I don’t know about you, but I have a LOT of books that I currently own, but haven’t read yet. This is especially true of my ebook library, which continues to grow.
Also, as an avid public library user, I always have access to shiny new reads that can distract from what I already have.
So, I decided to challenge myself to read more of the books that I own and I developed a fun strategy for choosing what to read next.
I call it my “alphabet TBR game” and it’s been really fun. (Check out this YouTube video to see it in action for building my January TBR (to-be-read) list.)
Here are the basic steps:
- Choose a way to randomize letters of the alphabet. I decided to write them all on scraps of paper and randomly choose one from a jar, but I’m sure there is a digital way to do this. Another method might be to open a book to a random page, and choose the third letter of the fourth word (or something similar).
- Pick a letter. As I mentioned, I randomly choose one from a jar. I decided to do this live on my TBR video each month, so it’s always a fun surprise to see what I get.
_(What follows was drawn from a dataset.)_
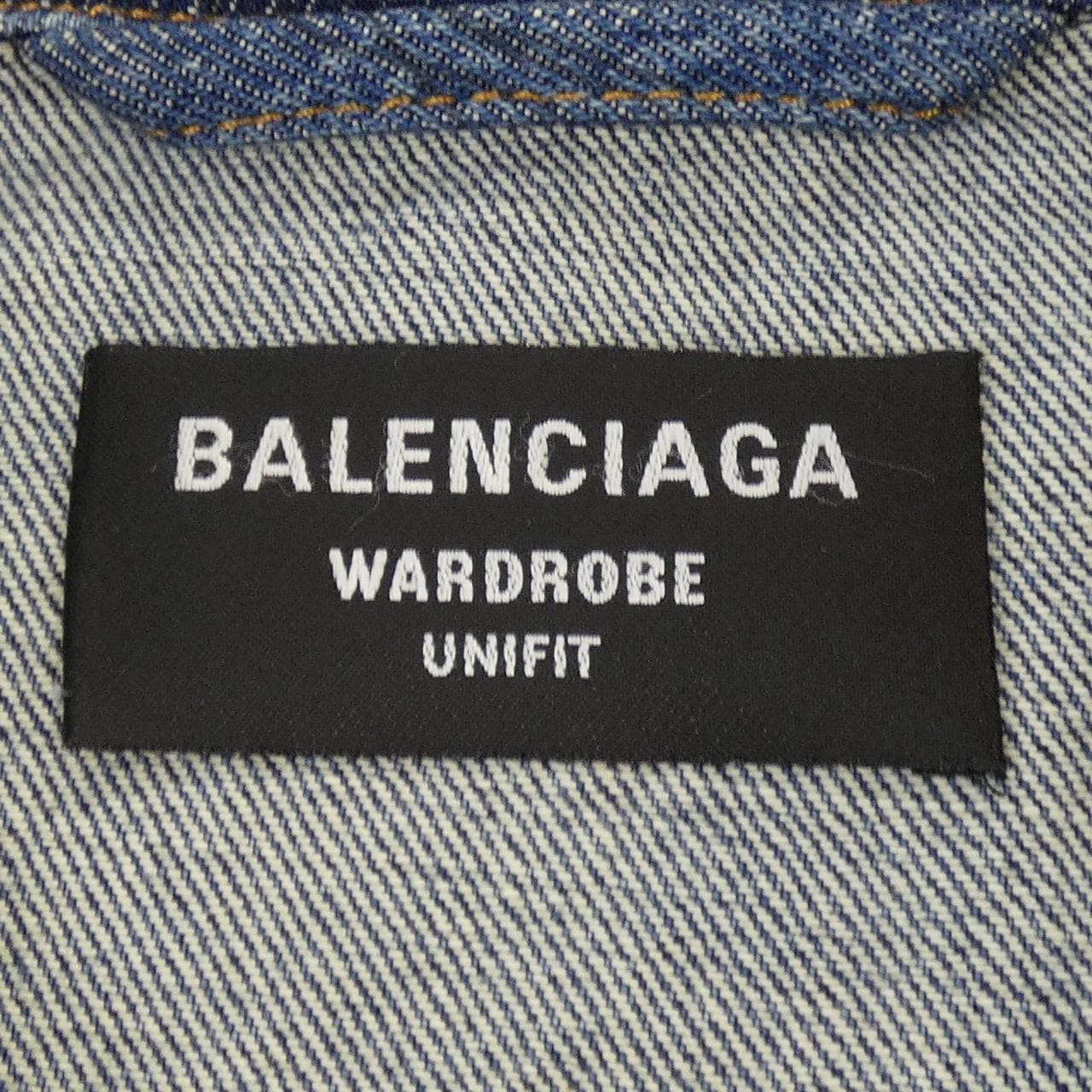 バレンシアガ BALENCIAGA WARDROBE 694503 TBP48 UNISEX デニムジャケット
- Use the letter to choose your books. There are a couple different methods for this step. I decided to choose the title of books that start with that letter, but you could also browse by the author’s last name. Once I have the letter, I look through my ebook library (which can be organized alphabetically by title or author), and then choose five books that jump out to me in the moment (keep in mind you could just choose 1 or 2, or even 10 depending on your reading amount each month).
- Document your TBR. To help me remember what I’m scheduled to read each month, I keep a list on my phone of the books on my TBR pile. I organize them in order of page length (shorter books to longer books), and also keep track of any “extra” books that I end up reading that were not on my original list. I also track what I read, as I read it, in Goodreads (connect with me there to see what I’m reading in real time).
I have loved this strategy to help me see my currently owned books with fresh eyes. How do you hold yourself accountable to reading books you already own?